The American culture of denunciation might not be susceptible to thorough reform in the near future, but might we not at least consider limiting the worst potential abuses? One vital step might be a prohibition on official agencies taking action on any form of anonymous information, without external corroboration. Alternatively, the new technology of telephone-caller identification raises the hope that we might soon see the regular publication of the identities of all public-spirited citizens who regularly turn in their friends and neighbors for drug use or possession, child abuse, elder abuse. Sabbath-breaking, battering, or whatever the vogue offense of the hour might be. It would be helpful if films and television programs would rid themselves not only of excessive violence, but of romanticized and heroic depictions of the spy, the defector, and the eavesdropper.
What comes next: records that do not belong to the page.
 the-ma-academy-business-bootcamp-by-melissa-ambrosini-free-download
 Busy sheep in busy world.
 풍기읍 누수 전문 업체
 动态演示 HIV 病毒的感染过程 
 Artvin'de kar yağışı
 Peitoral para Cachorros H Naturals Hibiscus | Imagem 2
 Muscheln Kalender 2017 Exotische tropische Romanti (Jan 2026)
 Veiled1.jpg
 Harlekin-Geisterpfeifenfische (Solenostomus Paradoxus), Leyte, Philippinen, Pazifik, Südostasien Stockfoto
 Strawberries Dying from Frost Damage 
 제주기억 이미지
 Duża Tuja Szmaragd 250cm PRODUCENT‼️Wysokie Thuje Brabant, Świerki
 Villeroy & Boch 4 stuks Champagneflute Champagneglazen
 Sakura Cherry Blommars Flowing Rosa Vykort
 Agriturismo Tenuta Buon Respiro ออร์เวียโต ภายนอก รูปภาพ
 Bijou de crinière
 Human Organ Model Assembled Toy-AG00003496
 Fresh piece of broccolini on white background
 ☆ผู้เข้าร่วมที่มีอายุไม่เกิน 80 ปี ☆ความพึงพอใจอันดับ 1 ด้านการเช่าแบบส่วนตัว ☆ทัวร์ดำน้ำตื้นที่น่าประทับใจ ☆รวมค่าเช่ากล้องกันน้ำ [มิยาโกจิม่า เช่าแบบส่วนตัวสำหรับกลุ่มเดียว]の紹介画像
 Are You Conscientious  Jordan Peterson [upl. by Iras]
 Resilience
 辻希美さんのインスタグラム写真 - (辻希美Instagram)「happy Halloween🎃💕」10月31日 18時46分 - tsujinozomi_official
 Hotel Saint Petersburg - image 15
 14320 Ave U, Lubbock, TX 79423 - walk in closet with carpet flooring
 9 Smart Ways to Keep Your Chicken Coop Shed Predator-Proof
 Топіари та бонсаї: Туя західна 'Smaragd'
But ultimately, these changes would be no more than palliatives. What we need is a fundamental reexamination of our priorities in dealing with criminal and deviant behavior and a reconsideration of whether the remedies proposed for issues such as drugs and public corruption are not worse than the disease. We need to reemphasize the absolute need to respect privacy and personal communication, except where serious public interests are genuinely at stake. We must assess the value of obedience to law when that is maintained chiefly or solely by the constant fear that anyone we deal with may inform the authorities of our peccadilloes, and ultimately we must question whether a democratic system can be based on mutual fear and suspicion.